Pictures left aside, return the lines below exactly, from the one with "Немного картинок на сегодня" to the end, including both ends.

# [PROVIDED RECORDS]
--- START ---

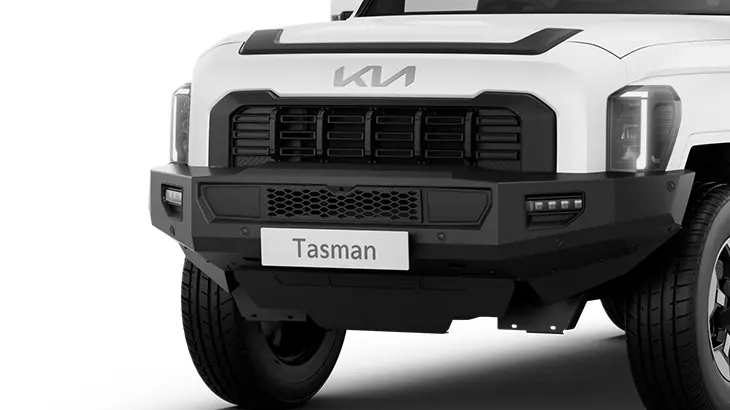 Bull Bar - Bumper Replacement SX S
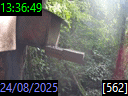 13:36:49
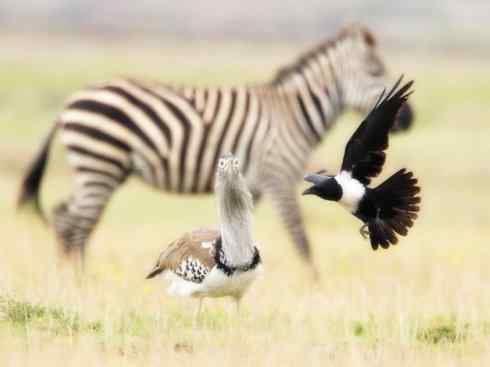 鸟类之最：灰颈鹭鸨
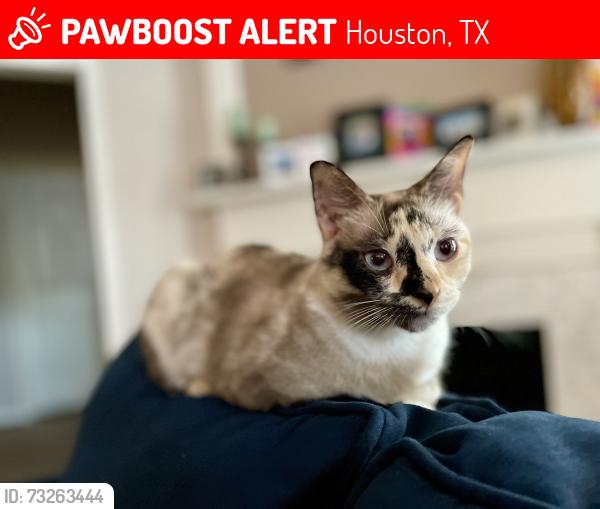 Lost Female Cat last seen Layton Castle Lane, Houston, TX 77429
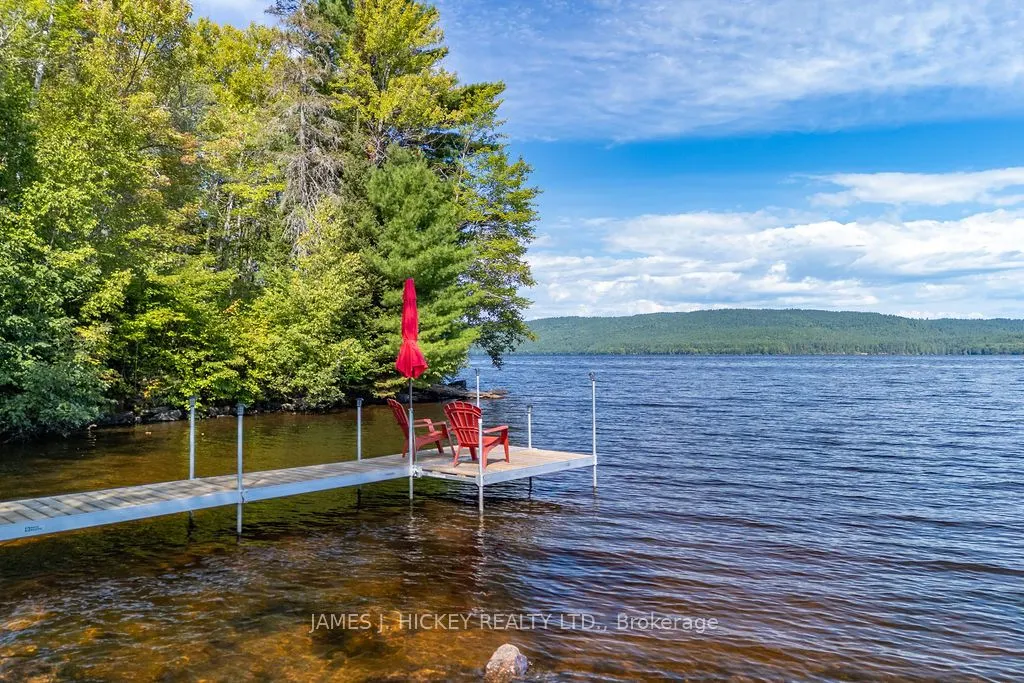 123 Harvey Creek Road
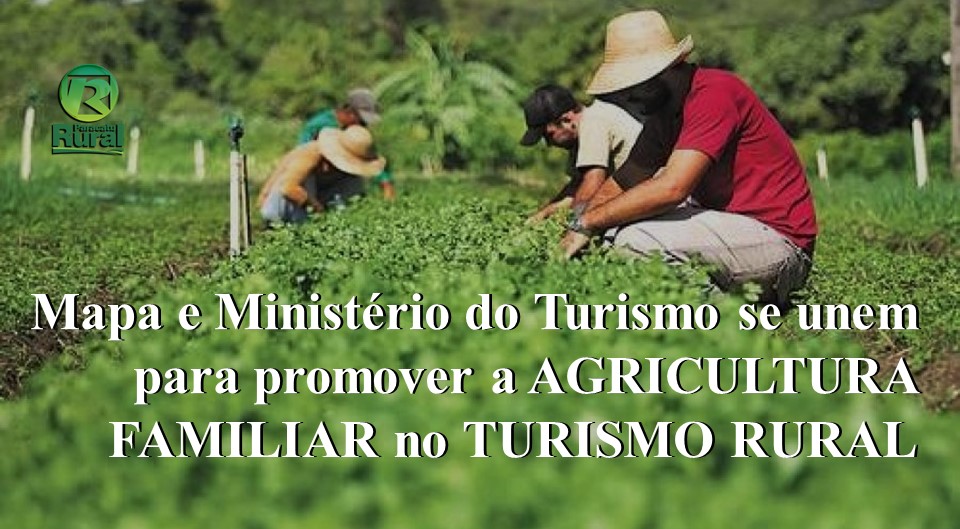 Impacto Econômico: Gerando Renda e Fortalecendo Comunidades Locais - inspiração 2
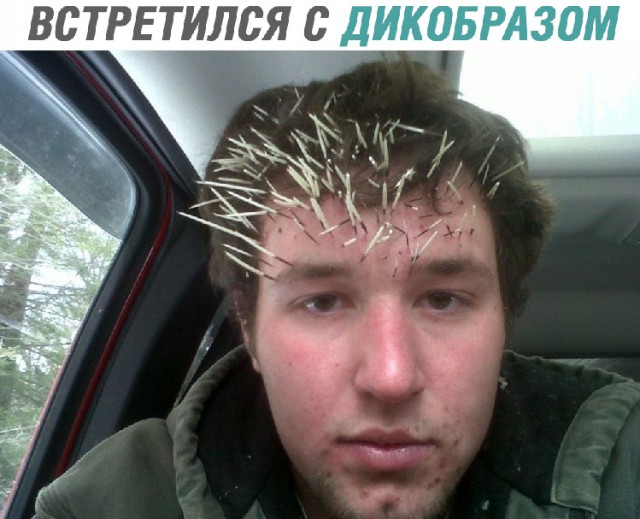 Немного картинок на сегодня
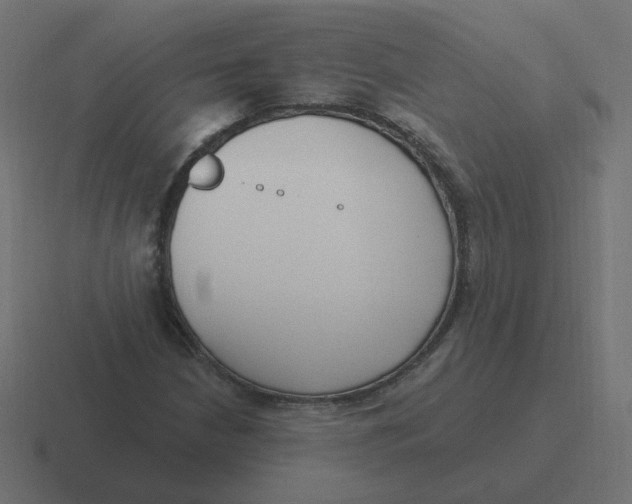 X0000116431210200912291901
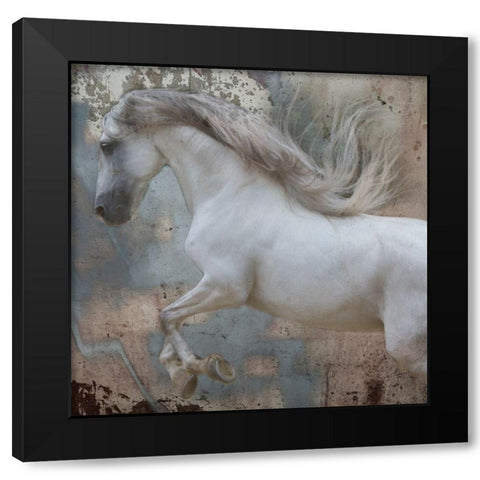 Horse Exposures IV Black Modern Wood Framed Art Print with Double Matting by Friedman, Susan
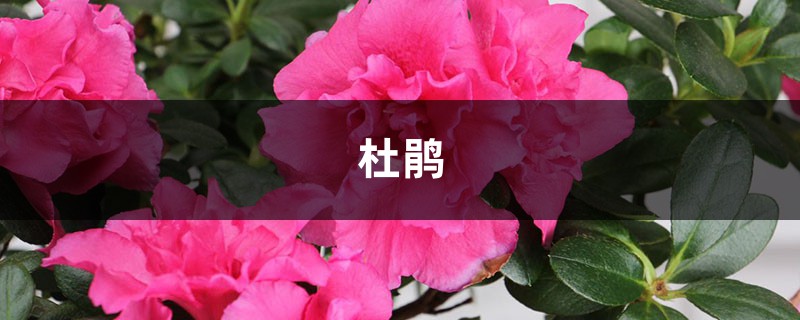 杜鹃发财树…长出这种枝，赶紧剪，花才能越长越壮，开花不断！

--- END ---

# [EXERCISE RESPONSE]
 Немного картинок на сегодня
 X0000116431210200912291901
 Horse Exposures IV Black Modern Wood Framed Art Print with Double Matting by Friedman, Susan
 杜鹃发财树…长出这种枝，赶紧剪，花才能越长越壮，开花不断！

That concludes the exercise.